▶ [INSTRUCTIONS FOR THE TASK]
Exactly as they appear below, repeat the lines from the one with "Mitigeur de lavabo" through the one with "DEKA Mesh Skirt". Drop every picture.
━━━━━━━━━━
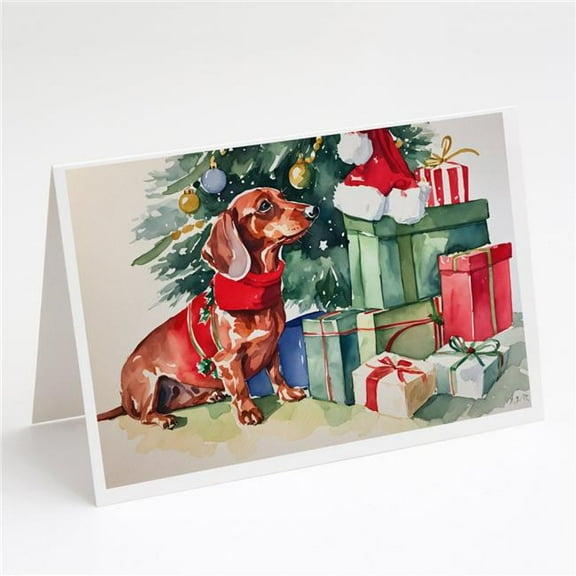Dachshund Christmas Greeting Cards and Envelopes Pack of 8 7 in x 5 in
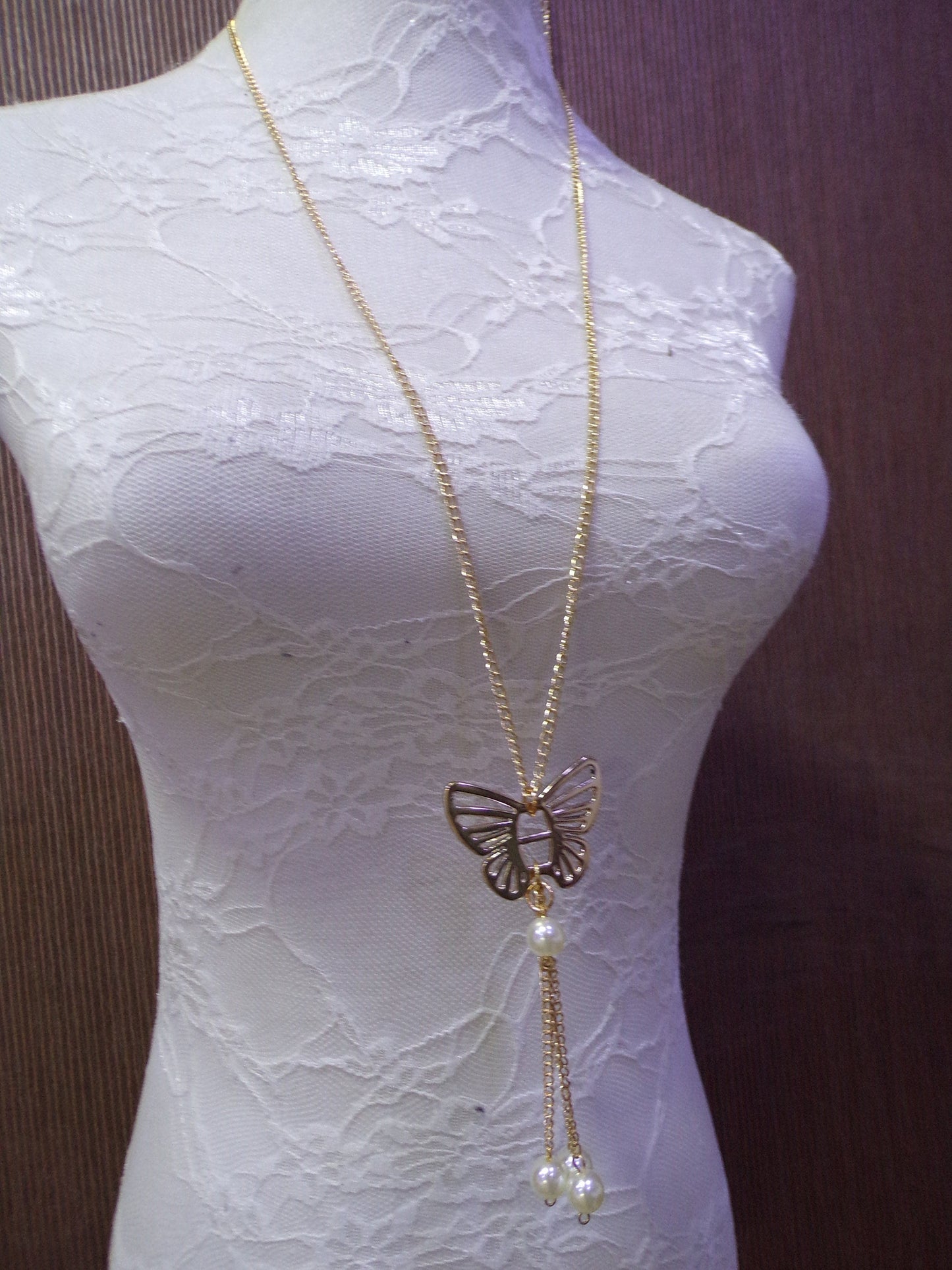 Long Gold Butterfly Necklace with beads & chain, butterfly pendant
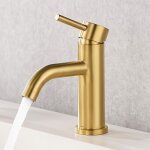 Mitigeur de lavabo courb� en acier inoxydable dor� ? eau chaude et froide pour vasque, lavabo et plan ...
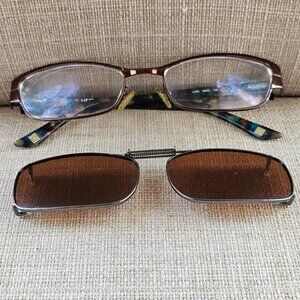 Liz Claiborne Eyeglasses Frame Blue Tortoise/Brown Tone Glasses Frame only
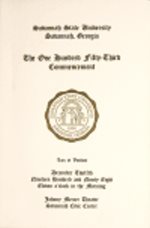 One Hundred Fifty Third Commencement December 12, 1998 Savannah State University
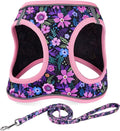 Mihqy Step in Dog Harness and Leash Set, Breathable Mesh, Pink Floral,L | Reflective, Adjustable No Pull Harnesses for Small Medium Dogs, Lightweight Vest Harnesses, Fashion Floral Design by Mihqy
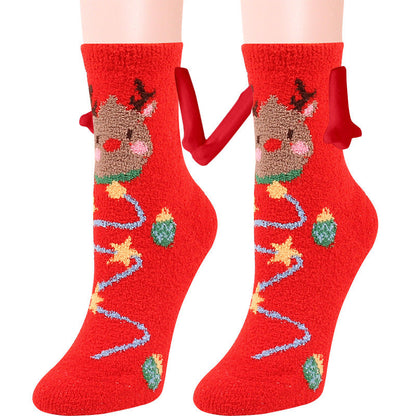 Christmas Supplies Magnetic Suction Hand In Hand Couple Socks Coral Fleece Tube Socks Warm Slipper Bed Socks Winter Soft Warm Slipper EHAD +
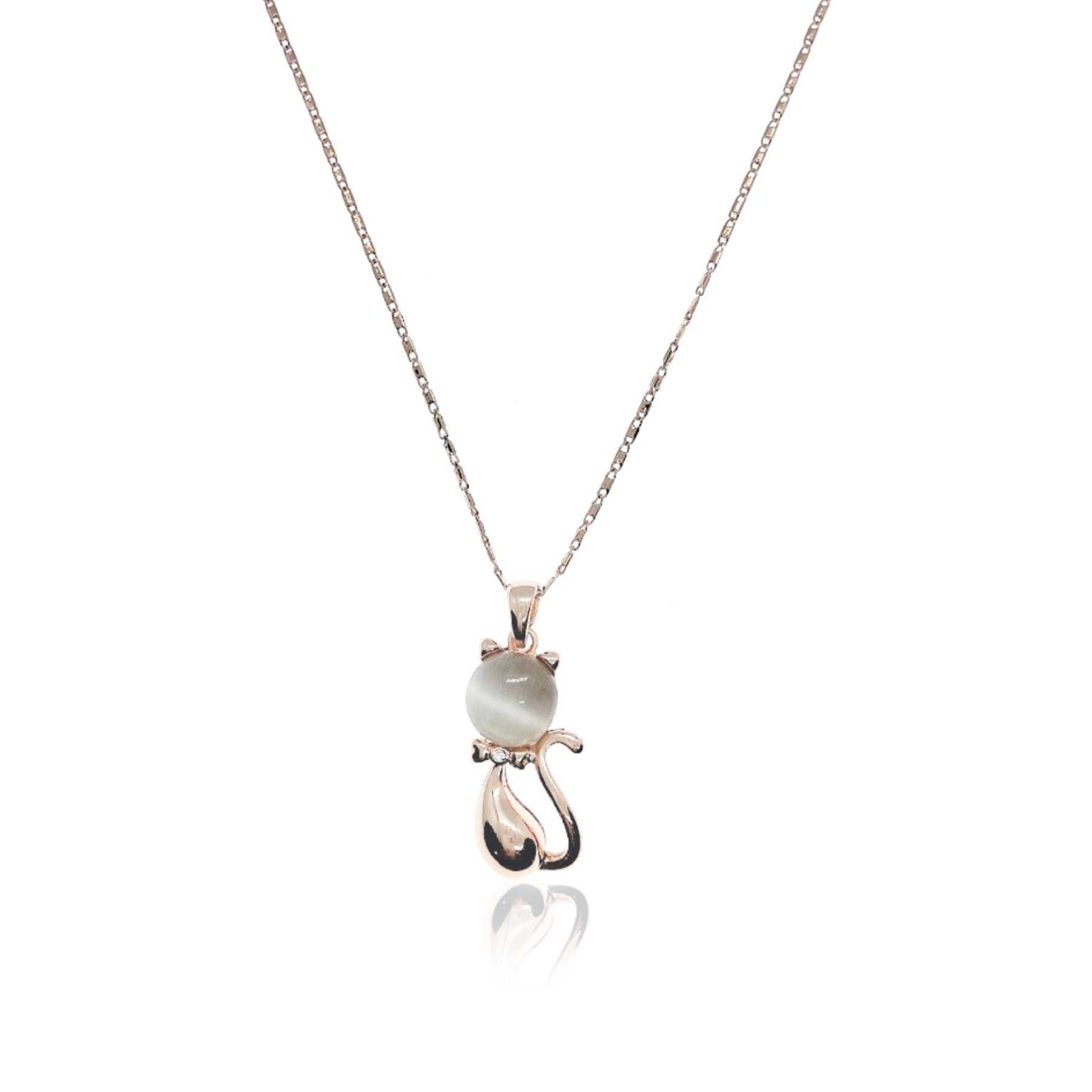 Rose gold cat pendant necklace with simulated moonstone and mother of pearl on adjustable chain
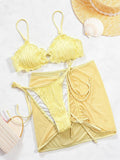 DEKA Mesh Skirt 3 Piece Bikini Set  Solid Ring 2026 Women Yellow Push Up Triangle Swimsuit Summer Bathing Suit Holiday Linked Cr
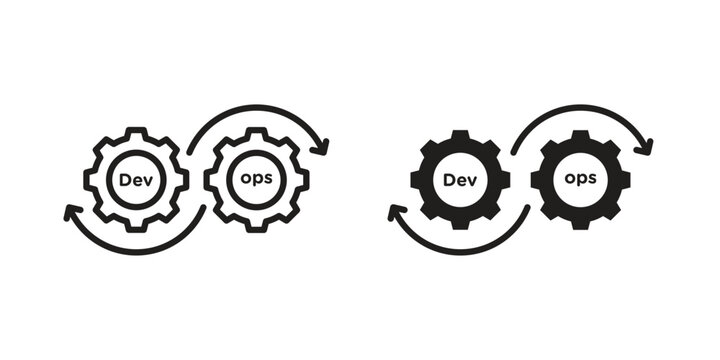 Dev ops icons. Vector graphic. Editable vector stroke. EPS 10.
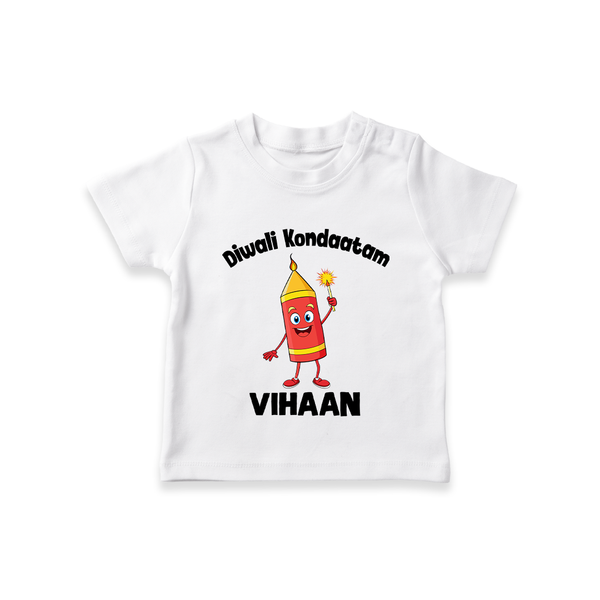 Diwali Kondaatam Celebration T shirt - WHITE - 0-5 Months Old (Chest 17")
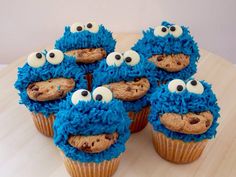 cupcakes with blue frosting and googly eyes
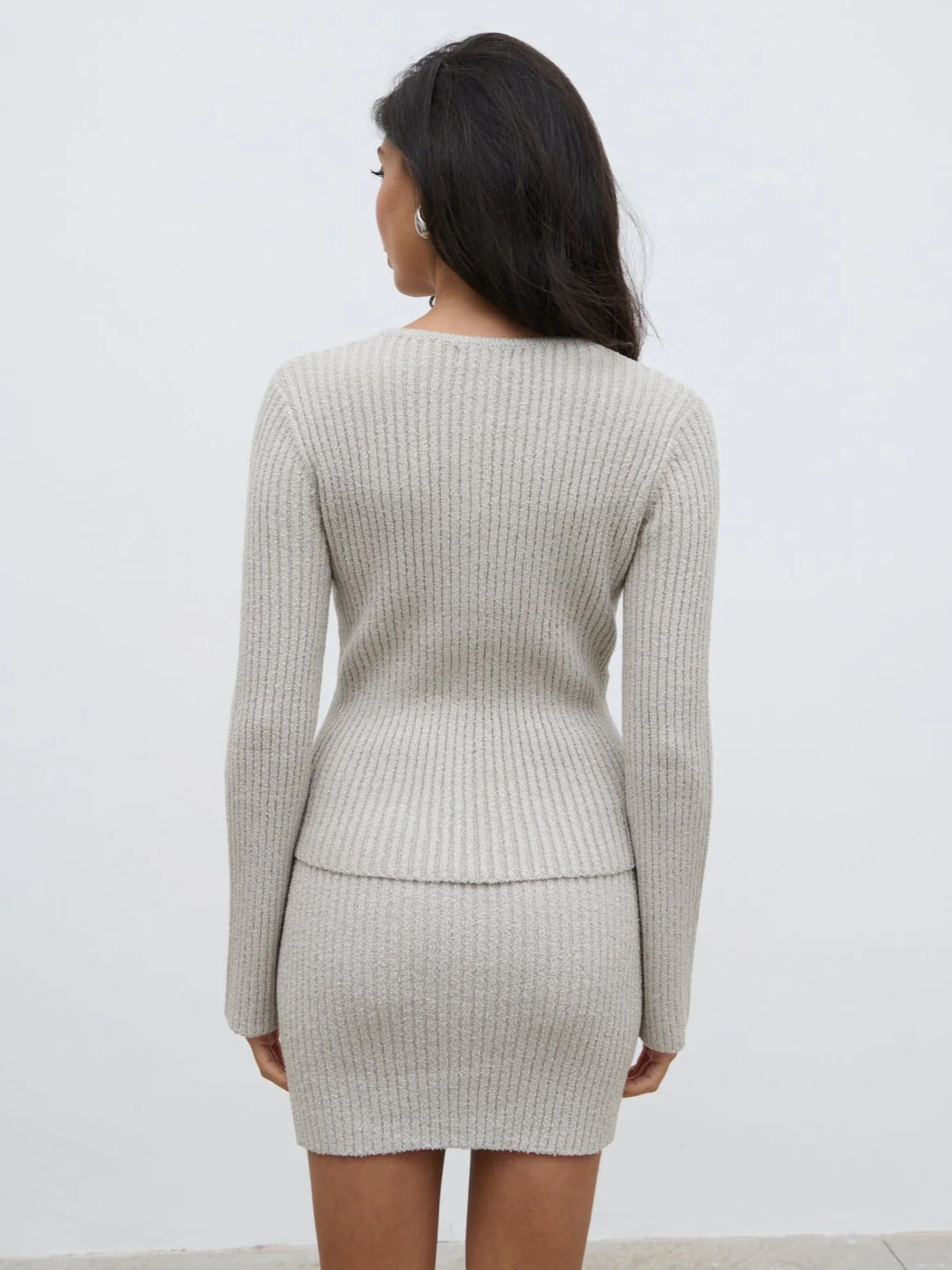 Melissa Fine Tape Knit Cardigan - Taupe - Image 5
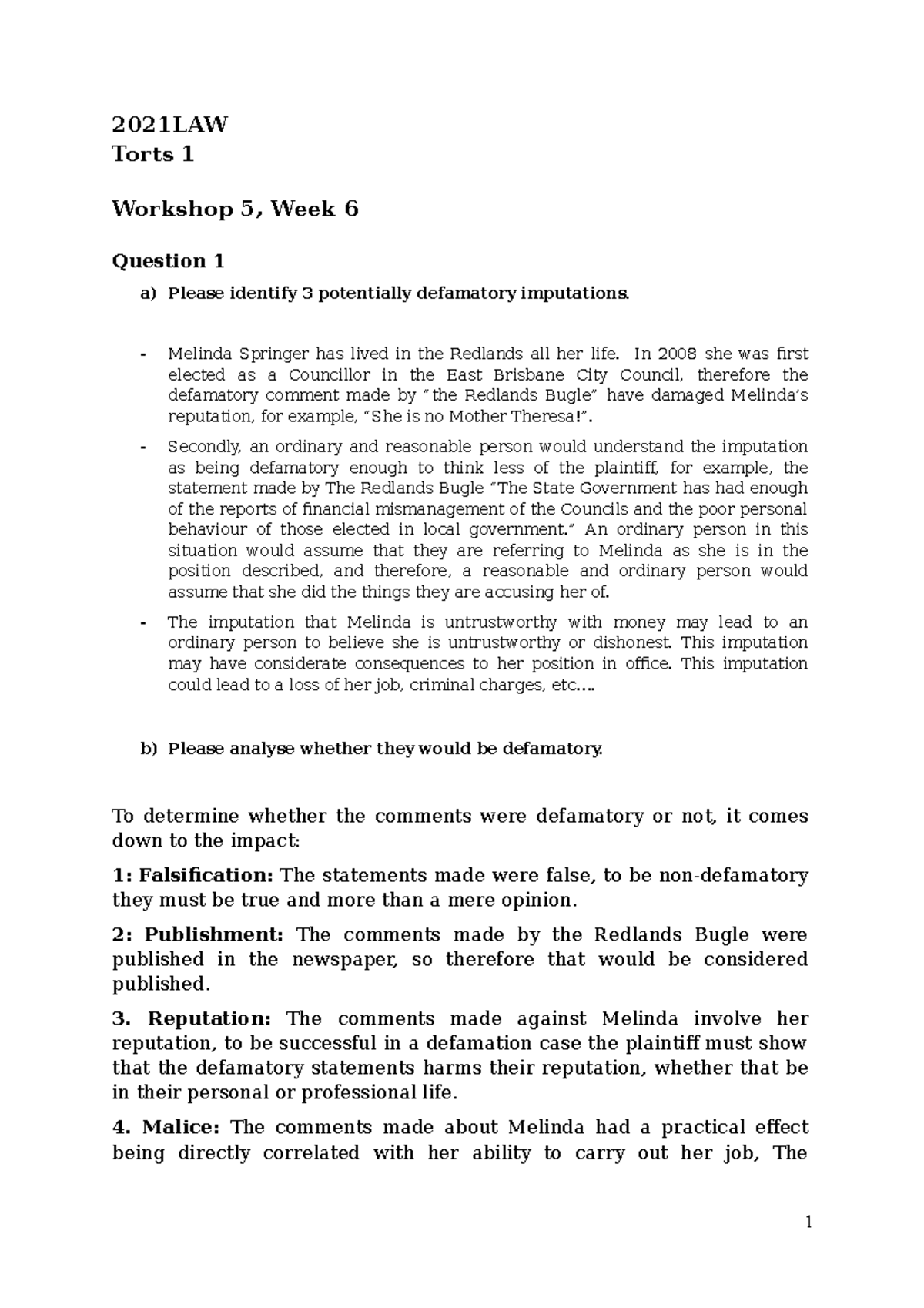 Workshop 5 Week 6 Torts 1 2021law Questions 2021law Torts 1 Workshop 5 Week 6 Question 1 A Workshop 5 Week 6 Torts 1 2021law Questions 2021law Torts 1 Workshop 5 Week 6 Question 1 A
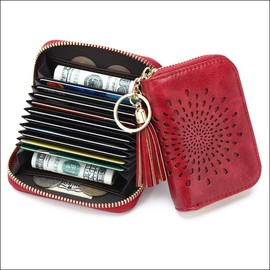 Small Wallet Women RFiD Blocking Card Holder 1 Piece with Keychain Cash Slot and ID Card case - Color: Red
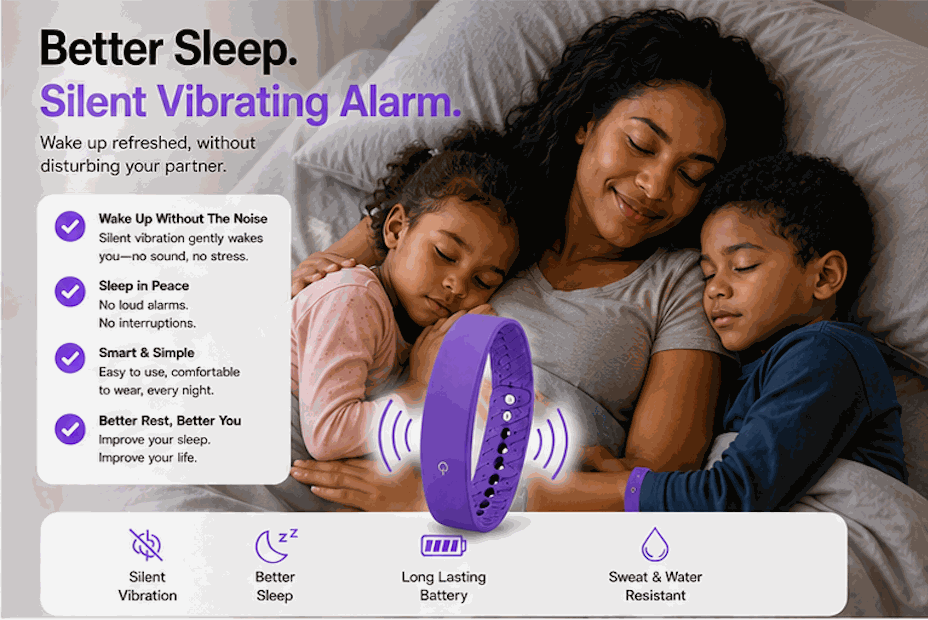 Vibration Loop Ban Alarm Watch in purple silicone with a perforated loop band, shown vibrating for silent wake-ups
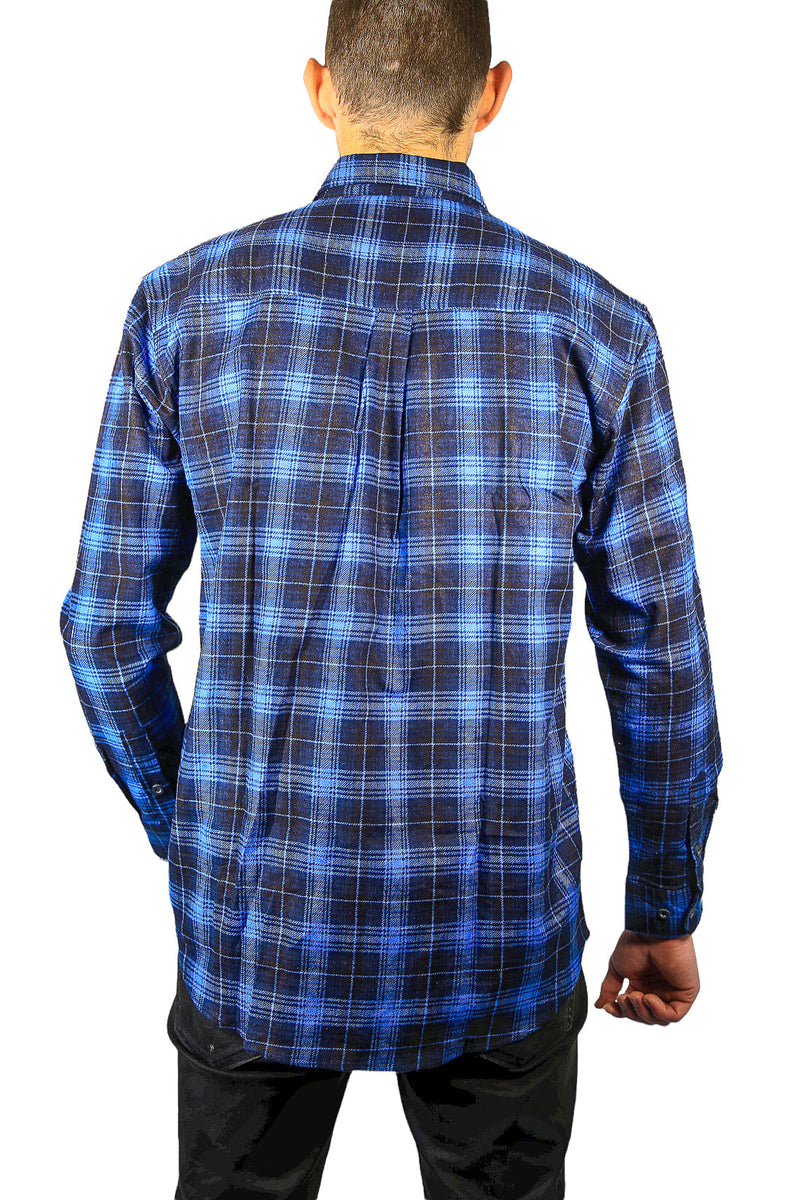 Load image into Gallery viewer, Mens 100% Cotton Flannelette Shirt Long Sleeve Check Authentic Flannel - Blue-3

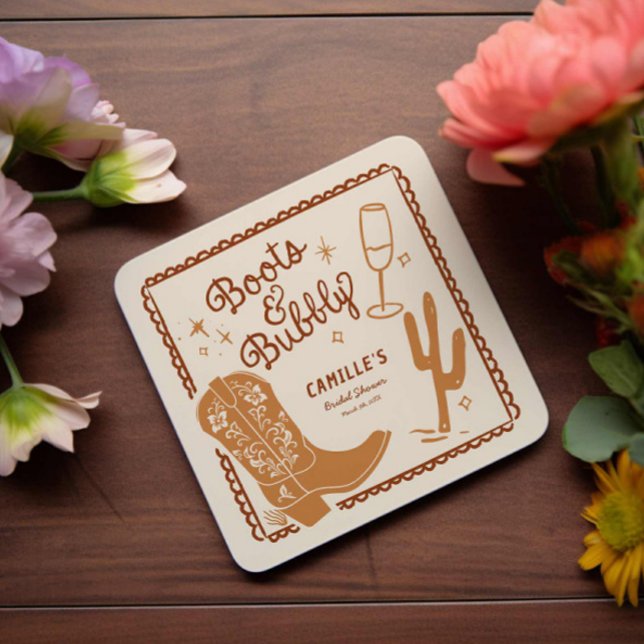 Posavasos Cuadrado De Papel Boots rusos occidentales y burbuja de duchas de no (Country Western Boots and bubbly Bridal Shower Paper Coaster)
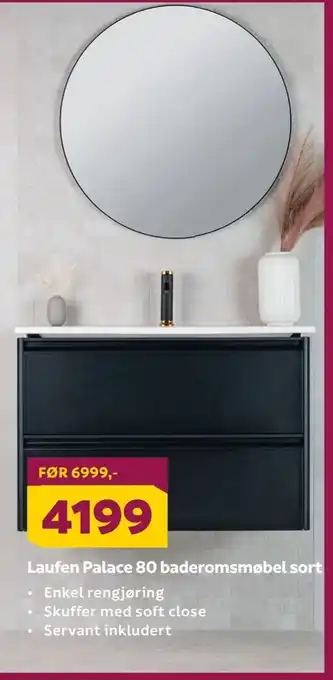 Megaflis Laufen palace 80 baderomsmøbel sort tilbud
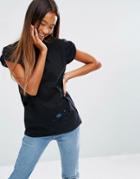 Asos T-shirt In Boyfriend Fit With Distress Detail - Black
━━━━━━━━━━
▶ [SOLUTION FOR THIS EXERCISE]
 Mitigeur de lavabo courb� en acier inoxydable dor� ? eau chaude et froide pour vasque, lavabo et plan ...
 Liz Claiborne Eyeglasses Frame Blue Tortoise/Brown Tone Glasses Frame only
 One Hundred Fifty Third Commencement December 12, 1998 Savannah State University
 Mihqy Step in Dog Harness and Leash Set, Breathable Mesh, Pink Floral,L | Reflective, Adjustable No Pull Harnesses for Small Medium Dogs, Lightweight Vest Harnesses, Fashion Floral Design by Mihqy
 Christmas Supplies Magnetic Suction Hand In Hand Couple Socks Coral Fleece Tube Socks Warm Slipper Bed Socks Winter Soft Warm Slipper EHAD +
 Rose gold cat pendant necklace with simulated moonstone and mother of pearl on adjustable chain
 DEKA Mesh Skirt 3 Piece Bikini Set  Solid Ring 2026 Women Yellow Push Up Triangle Swimsuit Summer Bathing Suit Holiday Linked Cr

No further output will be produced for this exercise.